Where do I configure my Splunk settings?
From Splunk Wiki
In many environments there are a lot of different Splunk servers performing different roles. For example:
- Light Forwarders
- Search Heads
When we want Splunk to do something, we can find out which configuration file, what settings, and what values to set in the Administration Manual. However it is not always clear which server the settings need to be on, especially for indexing data, and especially with the
transforms.conf file settings.
Phases of the Splunk data life cycle
To understand this, we first have to understand the different stages of the data life cycle in Splunk. These main phases for the purposes of understanding configuration are:
The Input phase acquires the raw data stream from its source and annotates it with source-wide keys. The keys are values that apply to the entire input source overall, and includes the host, source, and sourcetype of the data. The keys may also include values that are used internally by Splunk such as the character encoding of the data stream, and values that can control later processing of the data, such as the index into which the events should be stored.
During this phase, Splunk does not look at the contents of the data stream, so key fields must apply to the entire source, and not to individual events. In fact, at this point, Splunk has no notion of individual events at all, only a stream of data with certain global properties.
The Parsing phases looks at, analyzes, and transforms the data.

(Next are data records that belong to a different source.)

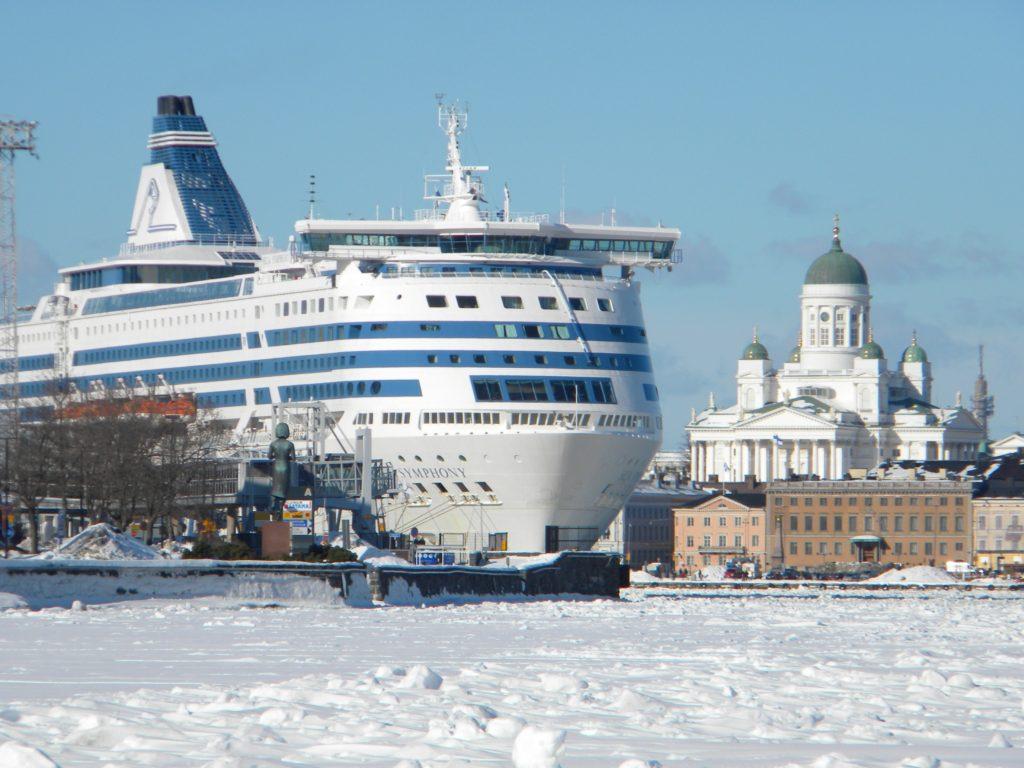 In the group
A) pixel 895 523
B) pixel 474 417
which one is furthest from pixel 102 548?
pixel 895 523

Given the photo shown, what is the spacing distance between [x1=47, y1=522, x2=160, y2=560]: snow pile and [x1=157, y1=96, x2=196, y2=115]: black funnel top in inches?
2225

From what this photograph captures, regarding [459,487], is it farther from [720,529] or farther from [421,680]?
[720,529]

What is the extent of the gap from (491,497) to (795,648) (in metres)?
44.8

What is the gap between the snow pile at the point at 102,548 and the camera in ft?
156

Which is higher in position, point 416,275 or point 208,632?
point 416,275

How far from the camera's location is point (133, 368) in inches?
3642

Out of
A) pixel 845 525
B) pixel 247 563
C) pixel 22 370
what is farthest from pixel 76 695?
pixel 845 525

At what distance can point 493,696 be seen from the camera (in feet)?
68.2

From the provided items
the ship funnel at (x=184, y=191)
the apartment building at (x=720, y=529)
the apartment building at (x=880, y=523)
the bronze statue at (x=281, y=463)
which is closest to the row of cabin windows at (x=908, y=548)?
the apartment building at (x=880, y=523)

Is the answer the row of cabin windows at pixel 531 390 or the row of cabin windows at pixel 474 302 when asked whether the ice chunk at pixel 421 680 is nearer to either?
the row of cabin windows at pixel 531 390

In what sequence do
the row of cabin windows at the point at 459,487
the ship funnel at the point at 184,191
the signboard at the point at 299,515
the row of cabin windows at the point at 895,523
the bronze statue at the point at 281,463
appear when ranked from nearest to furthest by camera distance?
the bronze statue at the point at 281,463
the signboard at the point at 299,515
the row of cabin windows at the point at 459,487
the ship funnel at the point at 184,191
the row of cabin windows at the point at 895,523

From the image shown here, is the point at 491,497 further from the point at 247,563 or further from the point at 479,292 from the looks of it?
the point at 247,563

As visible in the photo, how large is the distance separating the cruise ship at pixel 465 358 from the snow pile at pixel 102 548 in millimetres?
25519

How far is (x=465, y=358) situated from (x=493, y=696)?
5549cm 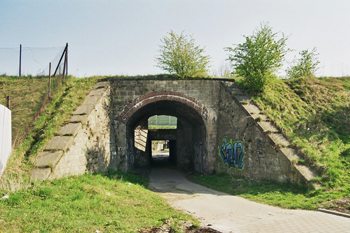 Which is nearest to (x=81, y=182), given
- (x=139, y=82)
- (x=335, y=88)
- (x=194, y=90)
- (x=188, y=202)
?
(x=188, y=202)

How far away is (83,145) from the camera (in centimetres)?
1237

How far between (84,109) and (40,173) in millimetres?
4499

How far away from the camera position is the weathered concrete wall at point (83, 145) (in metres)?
10.1

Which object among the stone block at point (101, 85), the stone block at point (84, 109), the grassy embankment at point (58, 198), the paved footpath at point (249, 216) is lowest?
the paved footpath at point (249, 216)

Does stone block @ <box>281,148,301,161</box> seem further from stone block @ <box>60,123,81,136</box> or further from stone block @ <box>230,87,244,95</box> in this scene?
stone block @ <box>60,123,81,136</box>

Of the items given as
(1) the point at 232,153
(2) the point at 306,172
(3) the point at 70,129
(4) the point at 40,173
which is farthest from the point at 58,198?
(1) the point at 232,153

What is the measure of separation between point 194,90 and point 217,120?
2.17 meters

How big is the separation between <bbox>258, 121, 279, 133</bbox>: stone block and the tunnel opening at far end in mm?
4015

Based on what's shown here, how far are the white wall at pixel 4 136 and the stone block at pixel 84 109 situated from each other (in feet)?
11.8

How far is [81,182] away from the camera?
10195mm

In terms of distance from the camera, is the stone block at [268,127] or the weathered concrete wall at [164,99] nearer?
the stone block at [268,127]

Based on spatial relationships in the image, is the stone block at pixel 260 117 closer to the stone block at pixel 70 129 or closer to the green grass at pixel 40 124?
the stone block at pixel 70 129

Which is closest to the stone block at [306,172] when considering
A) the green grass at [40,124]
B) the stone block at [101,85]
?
the green grass at [40,124]

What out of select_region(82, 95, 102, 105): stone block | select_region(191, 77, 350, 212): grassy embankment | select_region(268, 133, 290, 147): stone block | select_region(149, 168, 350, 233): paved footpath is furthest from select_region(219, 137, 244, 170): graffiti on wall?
select_region(82, 95, 102, 105): stone block
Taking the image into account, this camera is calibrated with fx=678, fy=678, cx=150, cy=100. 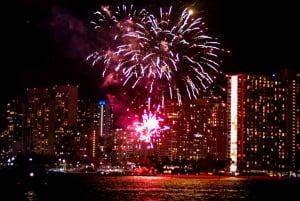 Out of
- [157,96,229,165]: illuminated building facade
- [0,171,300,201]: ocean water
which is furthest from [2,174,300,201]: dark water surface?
[157,96,229,165]: illuminated building facade

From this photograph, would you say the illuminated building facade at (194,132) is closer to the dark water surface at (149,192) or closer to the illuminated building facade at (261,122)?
the illuminated building facade at (261,122)

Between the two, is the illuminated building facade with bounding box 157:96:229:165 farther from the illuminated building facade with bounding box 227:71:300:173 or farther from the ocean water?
the ocean water

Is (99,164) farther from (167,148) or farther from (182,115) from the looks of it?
(182,115)

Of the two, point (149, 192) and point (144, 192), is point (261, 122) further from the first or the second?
point (144, 192)

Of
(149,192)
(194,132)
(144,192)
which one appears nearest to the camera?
(144,192)

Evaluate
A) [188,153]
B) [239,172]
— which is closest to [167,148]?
[188,153]

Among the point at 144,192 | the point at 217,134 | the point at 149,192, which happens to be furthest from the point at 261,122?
the point at 144,192

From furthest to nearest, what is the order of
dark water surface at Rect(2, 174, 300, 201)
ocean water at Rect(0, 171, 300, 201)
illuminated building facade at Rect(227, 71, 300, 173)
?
illuminated building facade at Rect(227, 71, 300, 173) → dark water surface at Rect(2, 174, 300, 201) → ocean water at Rect(0, 171, 300, 201)

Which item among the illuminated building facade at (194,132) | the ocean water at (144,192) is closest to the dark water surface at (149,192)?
the ocean water at (144,192)

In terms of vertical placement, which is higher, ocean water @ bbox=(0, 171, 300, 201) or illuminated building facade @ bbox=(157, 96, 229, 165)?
illuminated building facade @ bbox=(157, 96, 229, 165) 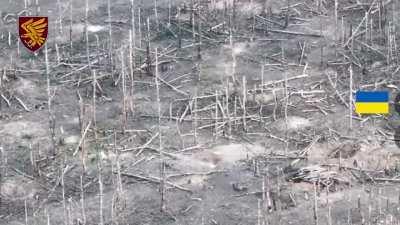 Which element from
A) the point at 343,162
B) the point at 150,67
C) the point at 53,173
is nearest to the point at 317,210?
the point at 343,162

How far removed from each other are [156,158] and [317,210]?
2031mm

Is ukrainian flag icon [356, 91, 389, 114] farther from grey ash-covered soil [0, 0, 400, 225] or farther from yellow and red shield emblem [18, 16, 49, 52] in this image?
yellow and red shield emblem [18, 16, 49, 52]

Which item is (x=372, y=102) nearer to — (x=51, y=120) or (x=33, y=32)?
(x=51, y=120)

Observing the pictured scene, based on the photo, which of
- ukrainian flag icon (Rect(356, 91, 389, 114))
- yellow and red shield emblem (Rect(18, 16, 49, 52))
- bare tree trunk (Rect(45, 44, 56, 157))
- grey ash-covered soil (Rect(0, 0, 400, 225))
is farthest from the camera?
yellow and red shield emblem (Rect(18, 16, 49, 52))

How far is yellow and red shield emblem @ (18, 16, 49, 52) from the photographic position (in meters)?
13.0

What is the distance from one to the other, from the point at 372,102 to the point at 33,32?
4594 millimetres

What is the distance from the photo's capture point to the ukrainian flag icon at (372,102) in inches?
465

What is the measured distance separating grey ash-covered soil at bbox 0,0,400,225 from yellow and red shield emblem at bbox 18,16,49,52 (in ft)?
0.97

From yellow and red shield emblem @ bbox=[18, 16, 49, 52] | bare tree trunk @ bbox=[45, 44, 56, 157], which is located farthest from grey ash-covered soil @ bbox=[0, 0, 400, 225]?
yellow and red shield emblem @ bbox=[18, 16, 49, 52]

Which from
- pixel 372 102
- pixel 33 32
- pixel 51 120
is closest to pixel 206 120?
pixel 51 120

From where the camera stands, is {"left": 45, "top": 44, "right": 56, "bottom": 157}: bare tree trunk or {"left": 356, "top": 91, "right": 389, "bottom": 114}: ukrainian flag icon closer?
{"left": 45, "top": 44, "right": 56, "bottom": 157}: bare tree trunk

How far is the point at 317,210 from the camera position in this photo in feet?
32.2

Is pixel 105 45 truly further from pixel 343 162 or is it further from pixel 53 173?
pixel 343 162

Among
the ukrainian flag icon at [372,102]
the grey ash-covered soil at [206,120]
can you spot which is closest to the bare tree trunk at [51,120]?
the grey ash-covered soil at [206,120] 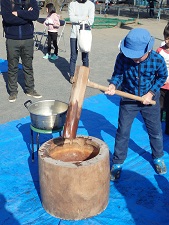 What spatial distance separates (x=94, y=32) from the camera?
547 inches

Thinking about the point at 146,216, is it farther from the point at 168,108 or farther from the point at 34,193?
the point at 168,108

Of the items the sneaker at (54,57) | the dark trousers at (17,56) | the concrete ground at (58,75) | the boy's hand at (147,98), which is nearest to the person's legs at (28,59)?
the dark trousers at (17,56)

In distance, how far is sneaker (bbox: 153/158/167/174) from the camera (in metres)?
3.62

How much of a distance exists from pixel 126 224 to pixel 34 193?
939 millimetres

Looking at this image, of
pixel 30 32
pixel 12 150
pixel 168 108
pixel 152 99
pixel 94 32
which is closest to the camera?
pixel 152 99

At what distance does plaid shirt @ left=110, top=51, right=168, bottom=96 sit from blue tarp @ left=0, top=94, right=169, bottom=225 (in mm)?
919

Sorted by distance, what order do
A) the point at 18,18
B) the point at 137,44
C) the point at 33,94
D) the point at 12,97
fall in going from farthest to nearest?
the point at 33,94 → the point at 12,97 → the point at 18,18 → the point at 137,44

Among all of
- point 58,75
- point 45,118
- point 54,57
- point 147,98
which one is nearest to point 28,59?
point 58,75

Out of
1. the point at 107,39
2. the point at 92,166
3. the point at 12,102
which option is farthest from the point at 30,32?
the point at 107,39

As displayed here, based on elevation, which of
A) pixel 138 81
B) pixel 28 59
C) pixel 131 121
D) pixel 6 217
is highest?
pixel 138 81

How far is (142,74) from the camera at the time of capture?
3.19m

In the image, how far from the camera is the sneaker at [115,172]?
3.53 metres

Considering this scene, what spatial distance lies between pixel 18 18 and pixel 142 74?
8.86ft

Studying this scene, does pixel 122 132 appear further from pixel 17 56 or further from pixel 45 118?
pixel 17 56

The parsing phase has many sub-phases:
- Breaking the stream of data into individual lines
- Identifying, parsing, and setting time stamps
- Annotating individual events with metadata copied from the source-wide source, host, sourcetype, and other keys
- Transforming event data and metadata according to Splunk regex transform rules
The Indexing phase takes the events as annotated with metadata and after transformations and writes it into the search index.
Search is probably easier to understand and distinguish from the other phases, but configuration for search is similar to and often combined with that for input and parsing.
A couple of other phases and sub-phases:
also govern the data life cycle, but for the sake of simplification will not be discussed in this article.
Which Splunk servers go with which phases
Here are how some common Splunk server configurations correspond to these phases:
|Input||→||Parsing, Indexing, Search|
|Input, Parsing||→||Indexing, Search|
|Universal/Light Forwarder||→||Indexer||→||Search Head|
|Universal/Light Forwarder||→||Heavy Forwarder||→||Indexer|
Which configuration parameters go with which phases
This is a non-exhaustive list of which configuration parameters go with which phase. By combining this information with an understanding of which server a phase occurs on, you can determine which server particular settings need to be made on.
- LINE_BREAKER, SHOULD_LINEMERGE, BREAK_ONLY_BEFORE_DATE, and all other line merging settings
- TZ, DATETIME_CONFIG, TIME_FORMAT, TIME_PREFIX, and all other time extraction settings and rules
- TRANSFORMS* which includes per-event queue filtering, per-event index assignment, per-event routing. Applied in the order defined
- MORE_THAN*, LESS_THAN*
- stanzas referenced by a TRANSFORMS* clause in props.conf
- LOOKAHEAD, DEST_KEY, WRITE_META, DEFAULT_VALUE, REPEAT_MATCH
- stanzas referenced by a REPORT* clause in props.conf
- filename, external_cmd, and all other lookup-related settings
- FIELDS, DELIMS
- lookup files in the lookups folders
- search and lookup scripts in the bin folders
- search commands and lookup scripts
There are some settings that don't work well in a distributed server Splunk environment. These tend to be exceptional and include:
- CHECK_FOR_HEADER, LEARN_MODEL, maxDist. These are created in the parsing phase, but they require generated configurations to be moved to the search phase configuration location.